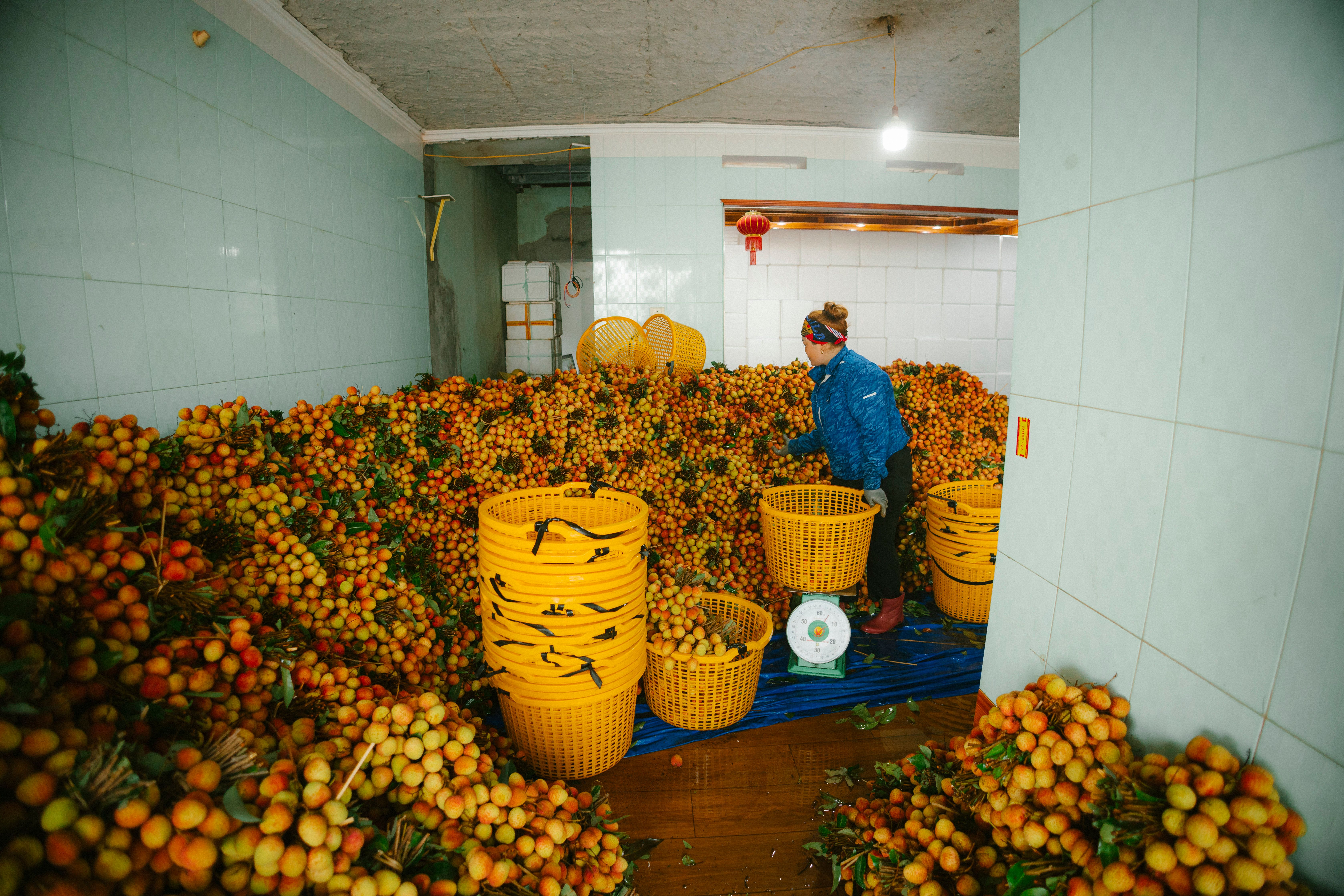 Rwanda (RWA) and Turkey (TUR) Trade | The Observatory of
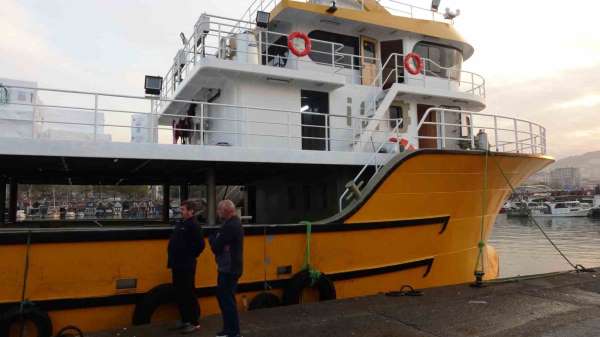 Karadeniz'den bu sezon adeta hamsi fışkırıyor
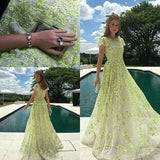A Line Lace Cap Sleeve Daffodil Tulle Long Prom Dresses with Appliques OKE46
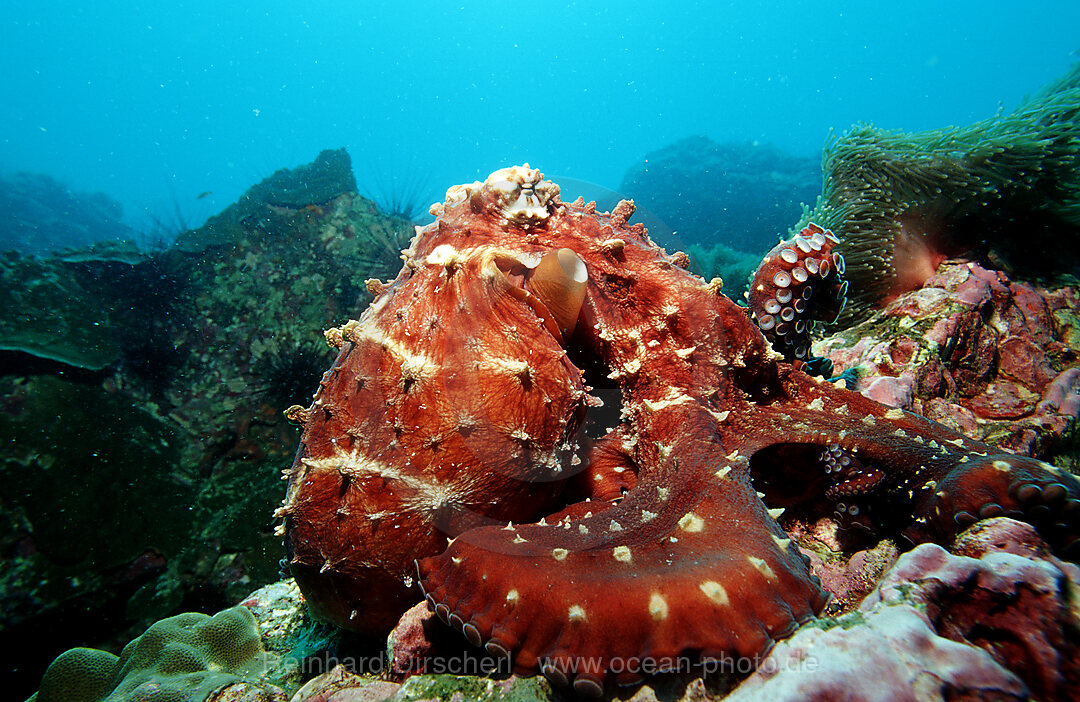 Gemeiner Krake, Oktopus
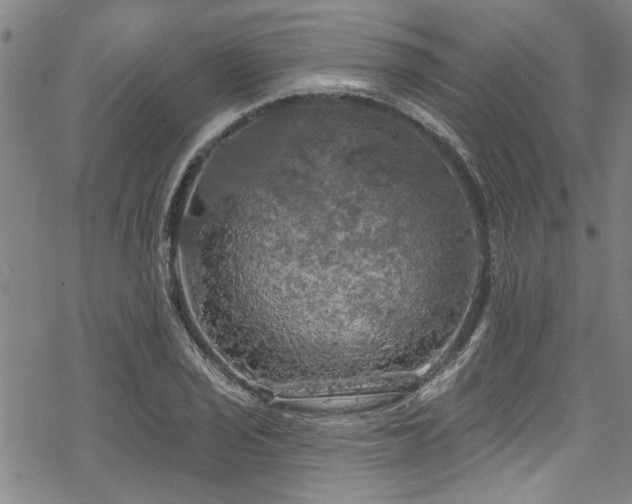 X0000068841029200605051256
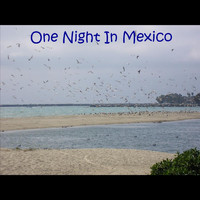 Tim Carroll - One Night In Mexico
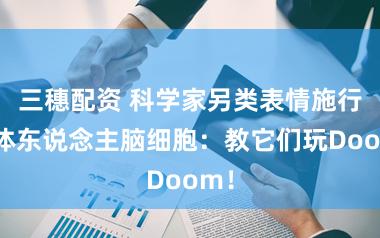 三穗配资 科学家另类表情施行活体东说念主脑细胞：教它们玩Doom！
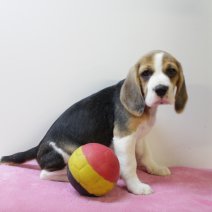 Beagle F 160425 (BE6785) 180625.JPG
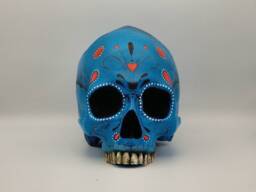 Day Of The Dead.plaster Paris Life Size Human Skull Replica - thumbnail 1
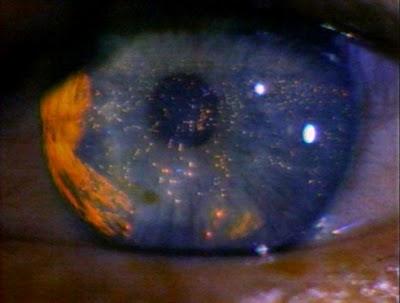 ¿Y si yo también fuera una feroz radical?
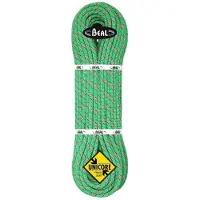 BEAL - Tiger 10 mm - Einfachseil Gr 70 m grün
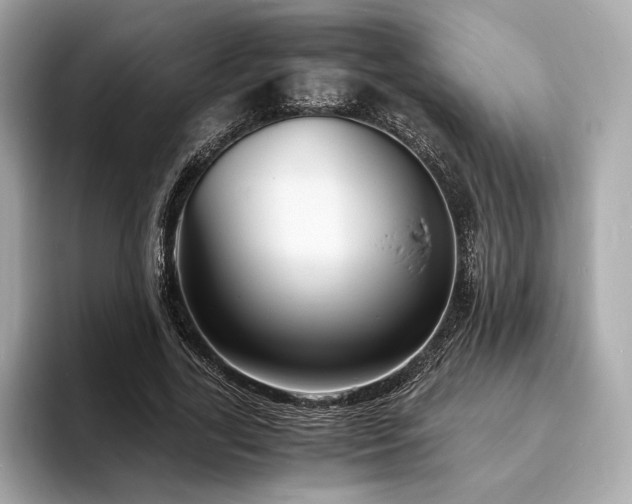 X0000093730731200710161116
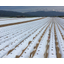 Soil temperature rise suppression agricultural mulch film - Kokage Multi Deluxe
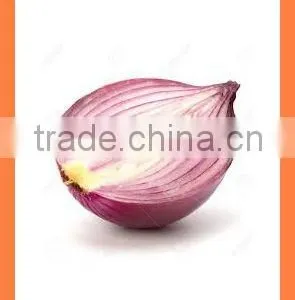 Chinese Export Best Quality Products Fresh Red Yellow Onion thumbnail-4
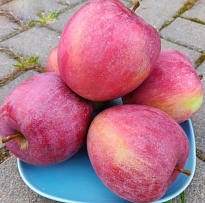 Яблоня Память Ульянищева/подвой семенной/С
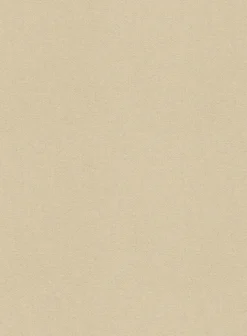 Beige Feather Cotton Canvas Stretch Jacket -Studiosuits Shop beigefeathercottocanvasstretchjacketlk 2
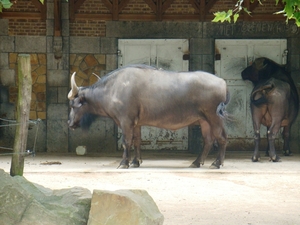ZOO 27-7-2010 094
* * * *
DIRECTIONS -
Pictures are not part of the copy. Restate everything else in the listing word for word.

WRITTEN RESPONSE -
 Rwanda (RWA) and Turkey (TUR) Trade | The Observatory of
 Karadeniz'den bu sezon adeta hamsi fışkırıyor
A Line Lace Cap Sleeve Daffodil Tulle Long Prom Dresses with Appliques OKE46
 Gemeiner Krake, Oktopus
 X0000068841029200605051256
 Tim Carroll - One Night In Mexico
 三穗配资 科学家另类表情施行活体东说念主脑细胞：教它们玩Doom！
 Beagle F 160425 (BE6785) 180625.JPG
 Day Of The Dead.plaster Paris Life Size Human Skull Replica - thumbnail 1
 ¿Y si yo también fuera una feroz radical?
 BEAL - Tiger 10 mm - Einfachseil Gr 70 m grün
 X0000093730731200710161116
 Soil temperature rise suppression agricultural mulch film - Kokage Multi Deluxe
 Chinese Export Best Quality Products Fresh Red Yellow Onion thumbnail-4
 Яблоня Память Ульянищева/подвой семенной/С
 Beige Feather Cotton Canvas Stretch Jacket -Studiosuits Shop beigefeathercottocanvasstretchjacketlk 2
ZOO 27-7-2010 094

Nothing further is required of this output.